**Task to carry out**
Keeping each line exactly as it is, output all of the records.
____________________
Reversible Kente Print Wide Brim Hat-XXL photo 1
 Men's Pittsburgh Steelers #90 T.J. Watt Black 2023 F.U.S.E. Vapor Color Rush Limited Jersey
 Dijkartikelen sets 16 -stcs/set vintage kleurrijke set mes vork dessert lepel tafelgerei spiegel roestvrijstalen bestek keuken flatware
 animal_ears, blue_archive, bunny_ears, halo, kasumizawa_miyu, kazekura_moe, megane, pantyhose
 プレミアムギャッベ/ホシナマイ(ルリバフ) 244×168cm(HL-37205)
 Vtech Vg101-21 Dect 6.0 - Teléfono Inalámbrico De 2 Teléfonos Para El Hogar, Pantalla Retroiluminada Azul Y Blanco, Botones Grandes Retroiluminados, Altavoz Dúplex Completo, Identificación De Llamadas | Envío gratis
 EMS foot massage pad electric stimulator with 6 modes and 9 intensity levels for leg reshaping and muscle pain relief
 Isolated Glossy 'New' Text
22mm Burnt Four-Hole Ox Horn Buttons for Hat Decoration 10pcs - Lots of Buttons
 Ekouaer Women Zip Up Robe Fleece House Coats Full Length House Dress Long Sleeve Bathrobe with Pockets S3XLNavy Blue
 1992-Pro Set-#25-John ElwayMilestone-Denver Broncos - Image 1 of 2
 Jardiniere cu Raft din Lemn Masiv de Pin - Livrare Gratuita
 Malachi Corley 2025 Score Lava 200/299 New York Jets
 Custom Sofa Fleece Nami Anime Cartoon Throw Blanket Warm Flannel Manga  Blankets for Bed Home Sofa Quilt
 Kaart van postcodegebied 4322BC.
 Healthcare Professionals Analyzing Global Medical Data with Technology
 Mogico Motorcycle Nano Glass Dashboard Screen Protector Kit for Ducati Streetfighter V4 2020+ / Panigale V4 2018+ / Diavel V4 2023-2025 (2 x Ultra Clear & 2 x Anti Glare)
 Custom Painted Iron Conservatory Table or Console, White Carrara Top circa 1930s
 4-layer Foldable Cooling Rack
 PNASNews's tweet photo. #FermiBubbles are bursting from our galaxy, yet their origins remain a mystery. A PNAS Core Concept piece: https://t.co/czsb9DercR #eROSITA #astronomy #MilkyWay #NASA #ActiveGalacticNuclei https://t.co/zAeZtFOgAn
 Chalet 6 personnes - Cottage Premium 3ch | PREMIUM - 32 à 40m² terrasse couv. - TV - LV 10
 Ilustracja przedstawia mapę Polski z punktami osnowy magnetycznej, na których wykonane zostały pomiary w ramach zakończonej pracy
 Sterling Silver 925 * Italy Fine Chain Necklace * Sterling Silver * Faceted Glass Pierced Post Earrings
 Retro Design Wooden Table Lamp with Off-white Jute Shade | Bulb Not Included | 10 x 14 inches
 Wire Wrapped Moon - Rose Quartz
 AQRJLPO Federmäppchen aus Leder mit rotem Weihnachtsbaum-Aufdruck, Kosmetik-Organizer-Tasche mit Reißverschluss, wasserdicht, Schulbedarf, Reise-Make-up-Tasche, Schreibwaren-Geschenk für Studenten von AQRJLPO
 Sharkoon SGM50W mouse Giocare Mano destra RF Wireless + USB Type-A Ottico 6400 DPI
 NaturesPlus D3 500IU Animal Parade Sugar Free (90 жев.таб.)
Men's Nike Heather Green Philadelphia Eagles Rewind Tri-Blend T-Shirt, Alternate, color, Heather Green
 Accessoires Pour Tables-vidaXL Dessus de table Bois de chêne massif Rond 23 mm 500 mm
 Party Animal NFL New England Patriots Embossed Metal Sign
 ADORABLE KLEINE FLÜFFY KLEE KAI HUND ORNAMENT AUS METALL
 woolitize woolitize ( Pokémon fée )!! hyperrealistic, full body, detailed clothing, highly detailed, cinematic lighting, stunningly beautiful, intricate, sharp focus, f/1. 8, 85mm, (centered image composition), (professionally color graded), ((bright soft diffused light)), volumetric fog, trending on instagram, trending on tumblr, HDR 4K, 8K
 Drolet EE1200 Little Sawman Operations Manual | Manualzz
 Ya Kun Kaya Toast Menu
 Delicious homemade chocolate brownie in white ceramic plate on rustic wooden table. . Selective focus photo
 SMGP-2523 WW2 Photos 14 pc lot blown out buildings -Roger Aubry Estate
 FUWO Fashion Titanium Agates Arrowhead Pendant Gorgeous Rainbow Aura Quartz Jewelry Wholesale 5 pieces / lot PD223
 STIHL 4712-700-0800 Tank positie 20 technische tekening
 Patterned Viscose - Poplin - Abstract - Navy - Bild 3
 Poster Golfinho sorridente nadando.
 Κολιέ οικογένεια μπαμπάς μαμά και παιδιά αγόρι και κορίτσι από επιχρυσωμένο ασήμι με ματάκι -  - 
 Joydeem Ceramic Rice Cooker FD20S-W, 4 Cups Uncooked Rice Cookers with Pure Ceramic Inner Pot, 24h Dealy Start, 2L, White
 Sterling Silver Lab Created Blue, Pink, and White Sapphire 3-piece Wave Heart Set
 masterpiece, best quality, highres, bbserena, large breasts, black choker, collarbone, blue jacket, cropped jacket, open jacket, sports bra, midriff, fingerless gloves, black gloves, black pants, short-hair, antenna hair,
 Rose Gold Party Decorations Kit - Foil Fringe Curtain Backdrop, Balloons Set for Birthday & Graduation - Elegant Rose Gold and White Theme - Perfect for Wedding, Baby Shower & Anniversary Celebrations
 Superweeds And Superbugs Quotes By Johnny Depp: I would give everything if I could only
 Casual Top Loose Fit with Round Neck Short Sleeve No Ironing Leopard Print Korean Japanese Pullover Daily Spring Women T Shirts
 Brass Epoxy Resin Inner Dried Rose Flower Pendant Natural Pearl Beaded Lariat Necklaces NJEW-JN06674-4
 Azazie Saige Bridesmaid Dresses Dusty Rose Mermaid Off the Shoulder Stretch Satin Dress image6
____________________
**Response to the task**
Reversible Kente Print Wide Brim Hat-XXL photo 1
 Men's Pittsburgh Steelers #90 T.J. Watt Black 2023 F.U.S.E. Vapor Color Rush Limited Jersey
 Dijkartikelen sets 16 -stcs/set vintage kleurrijke set mes vork dessert lepel tafelgerei spiegel roestvrijstalen bestek keuken flatware
 animal_ears, blue_archive, bunny_ears, halo, kasumizawa_miyu, kazekura_moe, megane, pantyhose
 プレミアムギャッベ/ホシナマイ(ルリバフ) 244×168cm(HL-37205)
 Vtech Vg101-21 Dect 6.0 - Teléfono Inalámbrico De 2 Teléfonos Para El Hogar, Pantalla Retroiluminada Azul Y Blanco, Botones Grandes Retroiluminados, Altavoz Dúplex Completo, Identificación De Llamadas | Envío gratis
 EMS foot massage pad electric stimulator with 6 modes and 9 intensity levels for leg reshaping and muscle pain relief
 Isolated Glossy 'New' Text
22mm Burnt Four-Hole Ox Horn Buttons for Hat Decoration 10pcs - Lots of Buttons
 Ekouaer Women Zip Up Robe Fleece House Coats Full Length House Dress Long Sleeve Bathrobe with Pockets S3XLNavy Blue
 1992-Pro Set-#25-John ElwayMilestone-Denver Broncos - Image 1 of 2
 Jardiniere cu Raft din Lemn Masiv de Pin - Livrare Gratuita
 Malachi Corley 2025 Score Lava 200/299 New York Jets
 Custom Sofa Fleece Nami Anime Cartoon Throw Blanket Warm Flannel Manga  Blankets for Bed Home Sofa Quilt
 Kaart van postcodegebied 4322BC.
 Healthcare Professionals Analyzing Global Medical Data with Technology
 Mogico Motorcycle Nano Glass Dashboard Screen Protector Kit for Ducati Streetfighter V4 2020+ / Panigale V4 2018+ / Diavel V4 2023-2025 (2 x Ultra Clear & 2 x Anti Glare)
 Custom Painted Iron Conservatory Table or Console, White Carrara Top circa 1930s
 4-layer Foldable Cooling Rack
 PNASNews's tweet photo. #FermiBubbles are bursting from our galaxy, yet their origins remain a mystery. A PNAS Core Concept piece: https://t.co/czsb9DercR #eROSITA #astronomy #MilkyWay #NASA #ActiveGalacticNuclei https://t.co/zAeZtFOgAn
 Chalet 6 personnes - Cottage Premium 3ch | PREMIUM - 32 à 40m² terrasse couv. - TV - LV 10
 Ilustracja przedstawia mapę Polski z punktami osnowy magnetycznej, na których wykonane zostały pomiary w ramach zakończonej pracy
 Sterling Silver 925 * Italy Fine Chain Necklace * Sterling Silver * Faceted Glass Pierced Post Earrings
 Retro Design Wooden Table Lamp with Off-white Jute Shade | Bulb Not Included | 10 x 14 inches
 Wire Wrapped Moon - Rose Quartz
 AQRJLPO Federmäppchen aus Leder mit rotem Weihnachtsbaum-Aufdruck, Kosmetik-Organizer-Tasche mit Reißverschluss, wasserdicht, Schulbedarf, Reise-Make-up-Tasche, Schreibwaren-Geschenk für Studenten von AQRJLPO
 Sharkoon SGM50W mouse Giocare Mano destra RF Wireless + USB Type-A Ottico 6400 DPI
 NaturesPlus D3 500IU Animal Parade Sugar Free (90 жев.таб.)
Men's Nike Heather Green Philadelphia Eagles Rewind Tri-Blend T-Shirt, Alternate, color, Heather Green
 Accessoires Pour Tables-vidaXL Dessus de table Bois de chêne massif Rond 23 mm 500 mm
 Party Animal NFL New England Patriots Embossed Metal Sign
 ADORABLE KLEINE FLÜFFY KLEE KAI HUND ORNAMENT AUS METALL
 woolitize woolitize ( Pokémon fée )!! hyperrealistic, full body, detailed clothing, highly detailed, cinematic lighting, stunningly beautiful, intricate, sharp focus, f/1. 8, 85mm, (centered image composition), (professionally color graded), ((bright soft diffused light)), volumetric fog, trending on instagram, trending on tumblr, HDR 4K, 8K
 Drolet EE1200 Little Sawman Operations Manual | Manualzz
 Ya Kun Kaya Toast Menu
 Delicious homemade chocolate brownie in white ceramic plate on rustic wooden table. . Selective focus photo
 SMGP-2523 WW2 Photos 14 pc lot blown out buildings -Roger Aubry Estate
 FUWO Fashion Titanium Agates Arrowhead Pendant Gorgeous Rainbow Aura Quartz Jewelry Wholesale 5 pieces / lot PD223
 STIHL 4712-700-0800 Tank positie 20 technische tekening
 Patterned Viscose - Poplin - Abstract - Navy - Bild 3
 Poster Golfinho sorridente nadando.
 Κολιέ οικογένεια μπαμπάς μαμά και παιδιά αγόρι και κορίτσι από επιχρυσωμένο ασήμι με ματάκι -  - 
 Joydeem Ceramic Rice Cooker FD20S-W, 4 Cups Uncooked Rice Cookers with Pure Ceramic Inner Pot, 24h Dealy Start, 2L, White
 Sterling Silver Lab Created Blue, Pink, and White Sapphire 3-piece Wave Heart Set
 masterpiece, best quality, highres, bbserena, large breasts, black choker, collarbone, blue jacket, cropped jacket, open jacket, sports bra, midriff, fingerless gloves, black gloves, black pants, short-hair, antenna hair,
 Rose Gold Party Decorations Kit - Foil Fringe Curtain Backdrop, Balloons Set for Birthday & Graduation - Elegant Rose Gold and White Theme - Perfect for Wedding, Baby Shower & Anniversary Celebrations
 Superweeds And Superbugs Quotes By Johnny Depp: I would give everything if I could only
 Casual Top Loose Fit with Round Neck Short Sleeve No Ironing Leopard Print Korean Japanese Pullover Daily Spring Women T Shirts
 Brass Epoxy Resin Inner Dried Rose Flower Pendant Natural Pearl Beaded Lariat Necklaces NJEW-JN06674-4
 Azazie Saige Bridesmaid Dresses Dusty Rose Mermaid Off the Shoulder Stretch Satin Dress image6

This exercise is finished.